Nachdem ich bei meiner Suche keine Einsteiger-freundliche Anleitung für IO-Link gefunden habe, habe ich gehofft hier könnte mir jemand Hinweise geben, wie ich das Problem lösen kann. Oder ist das für Einsteiger sowieso unmöglich?


Vielen Dank vorab!


----------



## Tobsucht (4 Februar 2020)

Hallo,

da du leider nicht schreibst welchen Baustein du verwendest bzw. welches Beispiel du hast gehe ich davon aus, dass du den Baustein IOL_Master verwendest.
Vorausgesetzt die Portkonfiguration ist korrekt kannst du die Ein- und Ausgänge bSIO_DO und bSIO_DI verwenden.

Die Standardeinstellung der Ports ist auf Eingang gestellt. Somit solltest Du am Ausgang bSIO_DI eine Änderung sehen, wenn du 24V auf einen der C/Q Anschlüsse legst.


Grüße


----------



## espeess (4 Februar 2020)

Hallo Tobsucht,

danke schonmal für deine Hilfe. Ich verwende die Beispieldatei, die beim Download der Wago lib enthalten ist. Dabei ist ein IOL_Master, ein IOL_M_Configuration und ein IOL_CALL.

Ich finde leider keine Unterlagen dazu, wie ich die Ports richtig konfiguriere. Über die Steuerungskonfiguration von Codesys habe ich lediglich einen Aus, bzw. Eingang bei einem 4-Port Master. 
Liege ich mit der Vermutung richtig, dass man über die IOL_CALL die Port-Konfiguration vornehmen muss?
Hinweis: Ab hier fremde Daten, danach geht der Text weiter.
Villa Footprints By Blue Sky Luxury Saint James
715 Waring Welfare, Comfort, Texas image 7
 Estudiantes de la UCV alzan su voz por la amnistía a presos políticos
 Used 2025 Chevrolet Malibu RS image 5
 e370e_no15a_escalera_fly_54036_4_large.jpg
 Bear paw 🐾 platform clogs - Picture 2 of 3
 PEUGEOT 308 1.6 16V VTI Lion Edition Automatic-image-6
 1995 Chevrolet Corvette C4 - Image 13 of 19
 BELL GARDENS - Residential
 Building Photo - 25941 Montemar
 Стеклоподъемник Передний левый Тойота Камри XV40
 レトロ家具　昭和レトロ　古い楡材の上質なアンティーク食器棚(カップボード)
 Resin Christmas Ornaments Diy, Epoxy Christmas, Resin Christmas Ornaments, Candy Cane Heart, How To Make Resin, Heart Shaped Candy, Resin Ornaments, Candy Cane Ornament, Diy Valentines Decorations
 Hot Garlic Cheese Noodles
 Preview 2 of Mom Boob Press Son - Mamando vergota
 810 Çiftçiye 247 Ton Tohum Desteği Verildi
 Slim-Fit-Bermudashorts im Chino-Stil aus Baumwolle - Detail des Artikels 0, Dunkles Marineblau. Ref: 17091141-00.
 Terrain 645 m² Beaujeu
Entschuldige meine blauäugigen Fragen.

Viele Grüße


----------



## Tobsucht (4 Februar 2020)

Nein, per IOL Call kannst du auf Parameter des IO Link Devices zugreifen. Eine Konfiguration wird, wie der Name schon sagt, über den Baustein IOL_M_Configuration durchgeführt oder über das Programm Wago IO Check. Die Struktur IOL_typSimpleConfig enthält die Konfiguration. Zum Beispiel bModeChannel_1:BYTE;(*0:deactivated,1=DI,2=DO,3=IOL


----------



## espeess (5 Februar 2020)

Danke, ich werde es gleich morgen ausprobieren und melde mich dann


----------